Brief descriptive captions
^^^^^^^^^^^^^^^^

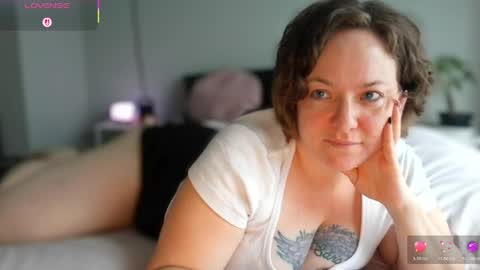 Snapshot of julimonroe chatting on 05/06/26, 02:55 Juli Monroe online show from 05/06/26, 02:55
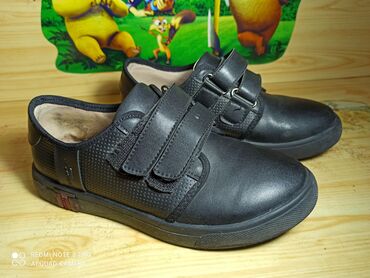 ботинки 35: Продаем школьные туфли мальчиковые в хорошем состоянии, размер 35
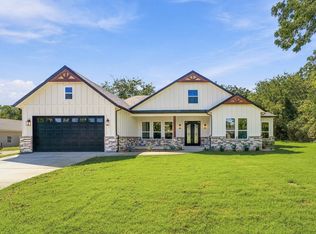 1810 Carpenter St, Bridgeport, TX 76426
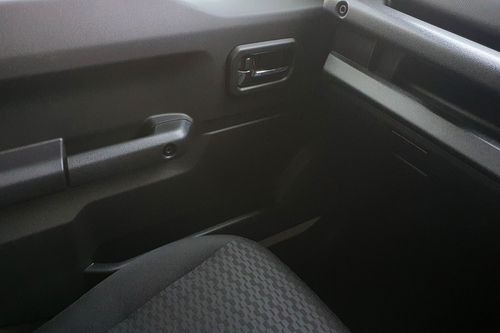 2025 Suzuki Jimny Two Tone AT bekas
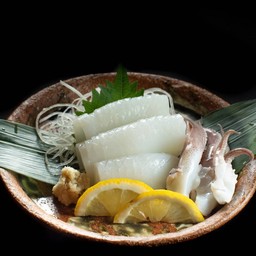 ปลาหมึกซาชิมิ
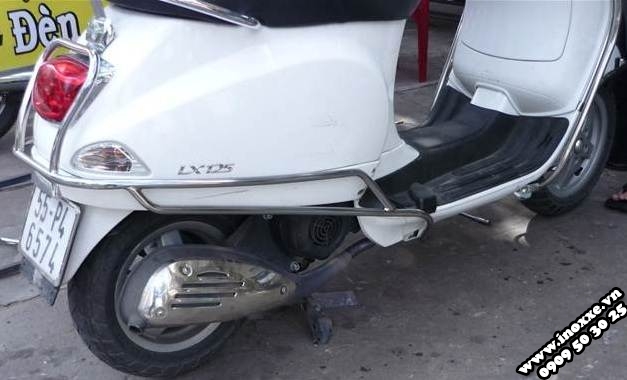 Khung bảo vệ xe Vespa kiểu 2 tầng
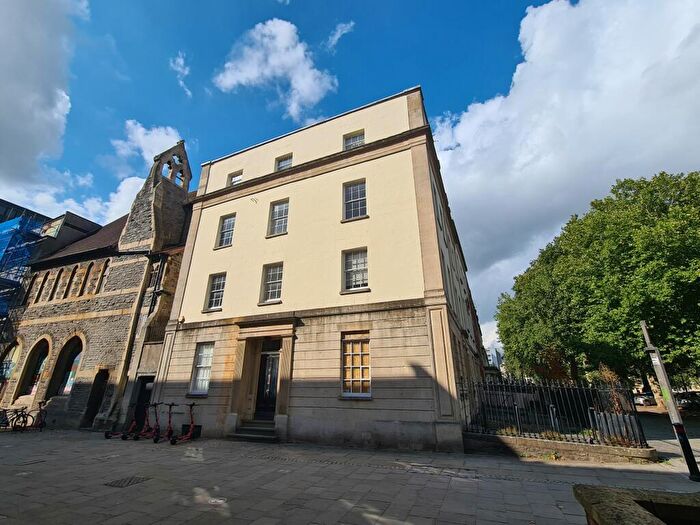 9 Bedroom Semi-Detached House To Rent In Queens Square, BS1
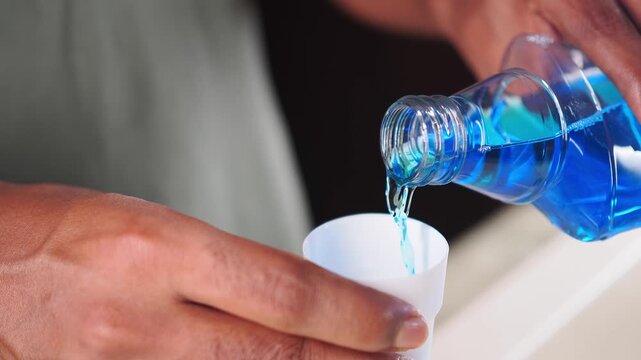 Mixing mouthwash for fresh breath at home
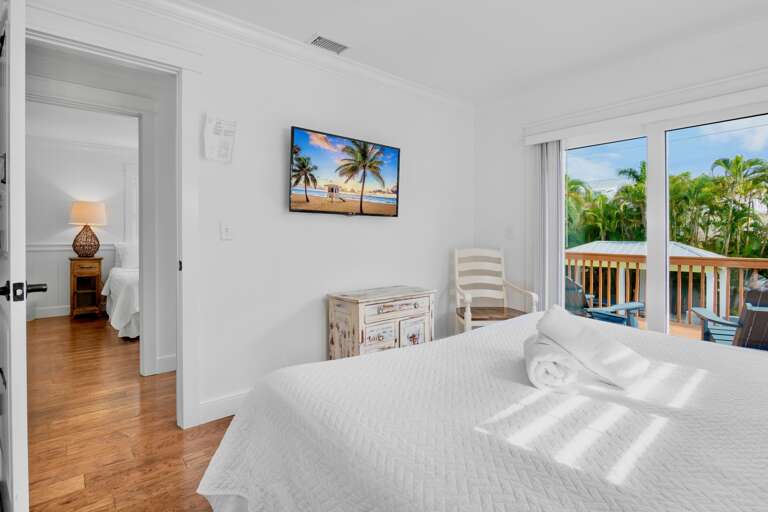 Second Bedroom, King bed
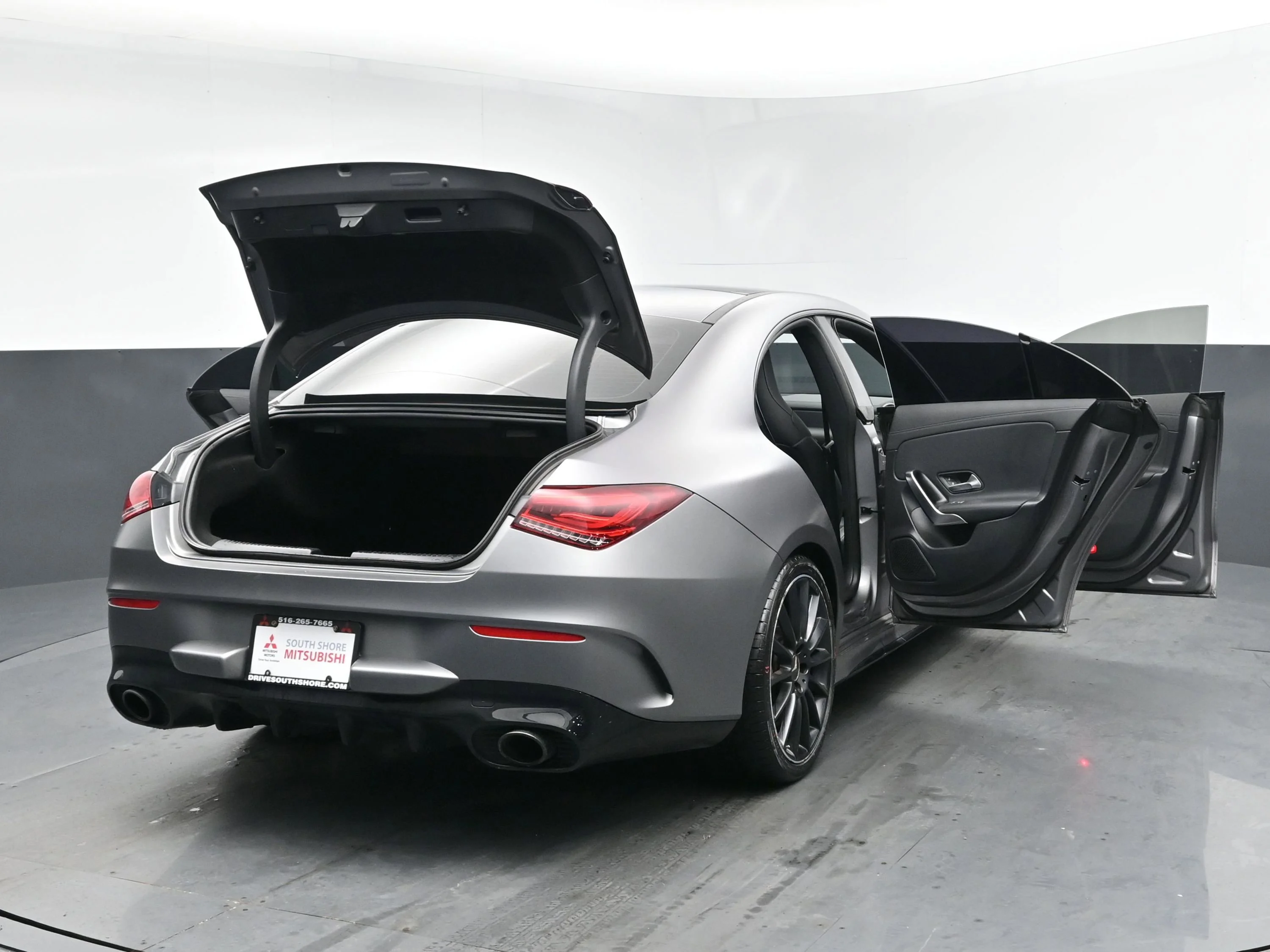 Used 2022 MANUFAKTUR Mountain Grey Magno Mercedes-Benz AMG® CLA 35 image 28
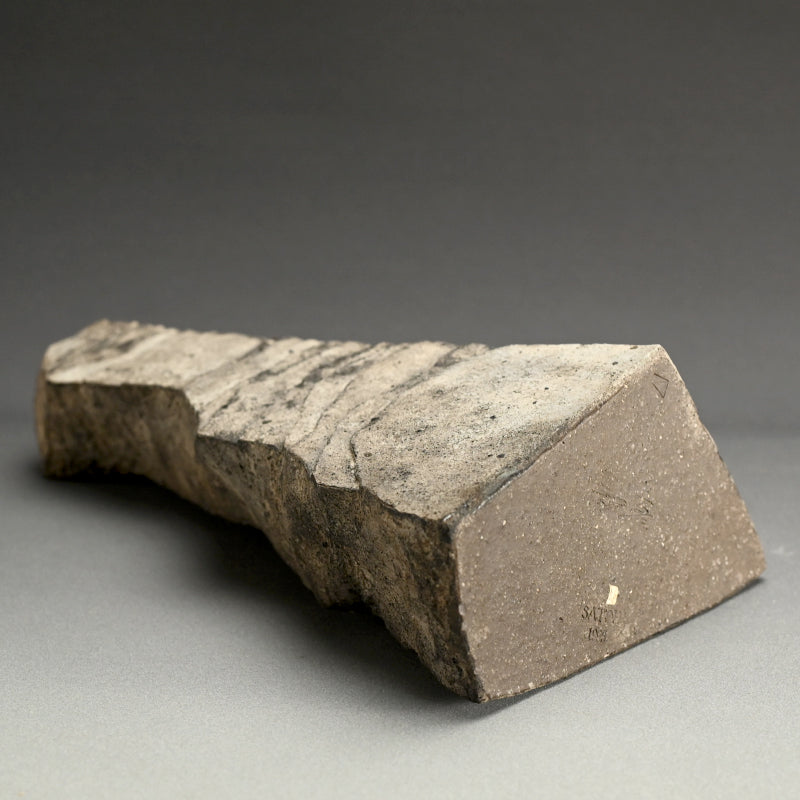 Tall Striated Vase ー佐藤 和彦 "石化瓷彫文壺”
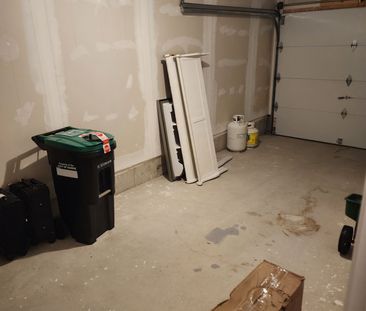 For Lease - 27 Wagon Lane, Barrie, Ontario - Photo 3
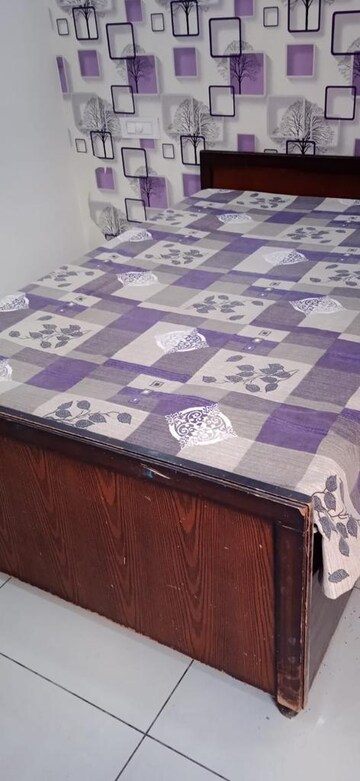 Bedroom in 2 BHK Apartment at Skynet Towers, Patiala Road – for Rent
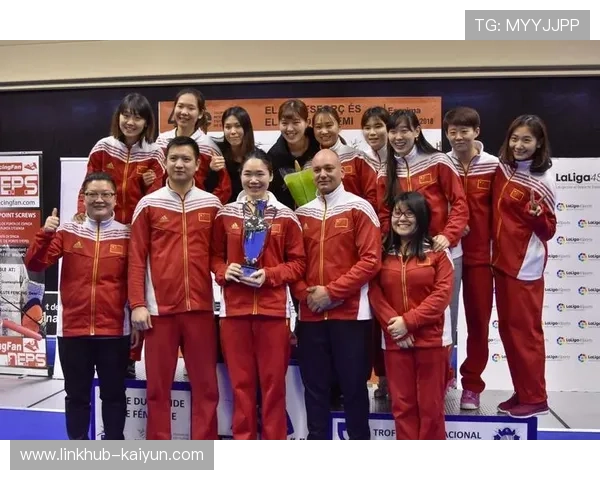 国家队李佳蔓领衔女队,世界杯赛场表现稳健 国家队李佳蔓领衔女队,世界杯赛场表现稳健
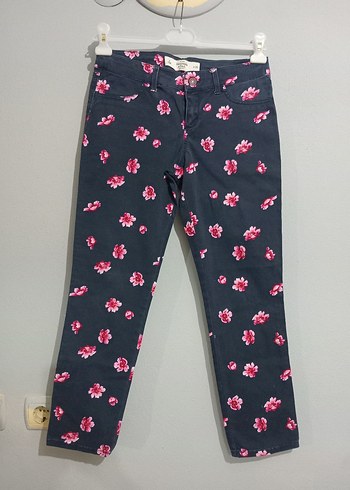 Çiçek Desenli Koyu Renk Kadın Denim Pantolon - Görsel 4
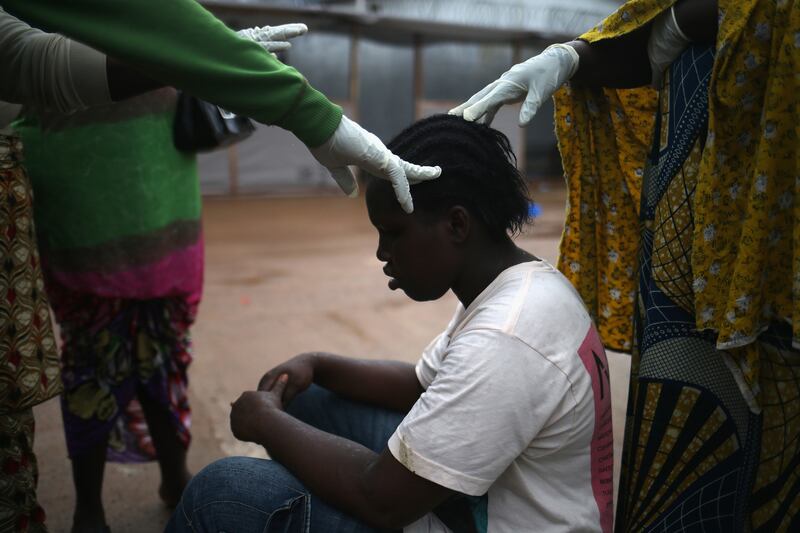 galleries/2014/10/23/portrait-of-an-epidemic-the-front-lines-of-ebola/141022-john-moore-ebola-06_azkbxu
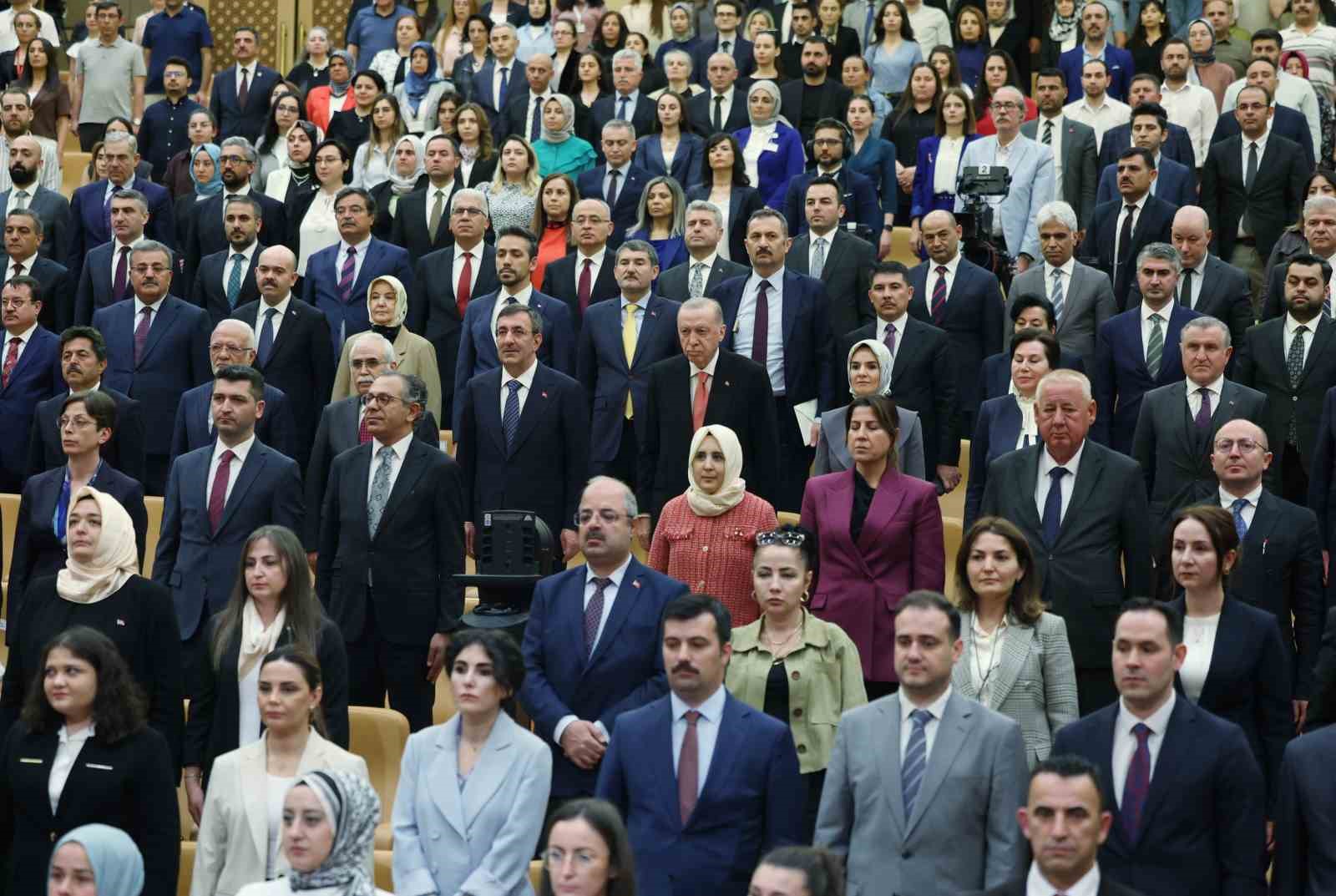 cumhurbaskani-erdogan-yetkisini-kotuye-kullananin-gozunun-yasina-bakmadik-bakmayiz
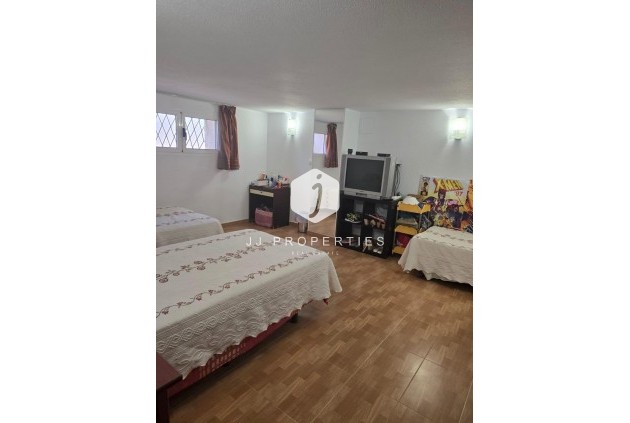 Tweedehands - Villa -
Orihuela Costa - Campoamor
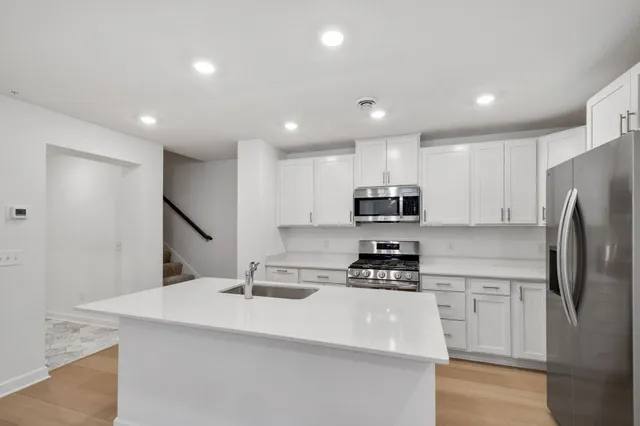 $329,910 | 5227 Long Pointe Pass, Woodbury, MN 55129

^^^^^^^^^^^^^^^^

#### Work request:
Restate word for word every line from the top of the entries above to the line with "Khung bảo vệ xe Vespa kiểu 2 tầng", inclusive, and skip any pictures.

#### Expected answer:
 Snapshot of julimonroe chatting on 05/06/26, 02:55 Juli Monroe online show from 05/06/26, 02:55
 ботинки 35: Продаем школьные туфли мальчиковые в хорошем состоянии, размер 35
 1810 Carpenter St, Bridgeport, TX 76426
 2025 Suzuki Jimny Two Tone AT bekas
 ปลาหมึกซาชิมิ
 Khung bảo vệ xe Vespa kiểu 2 tầng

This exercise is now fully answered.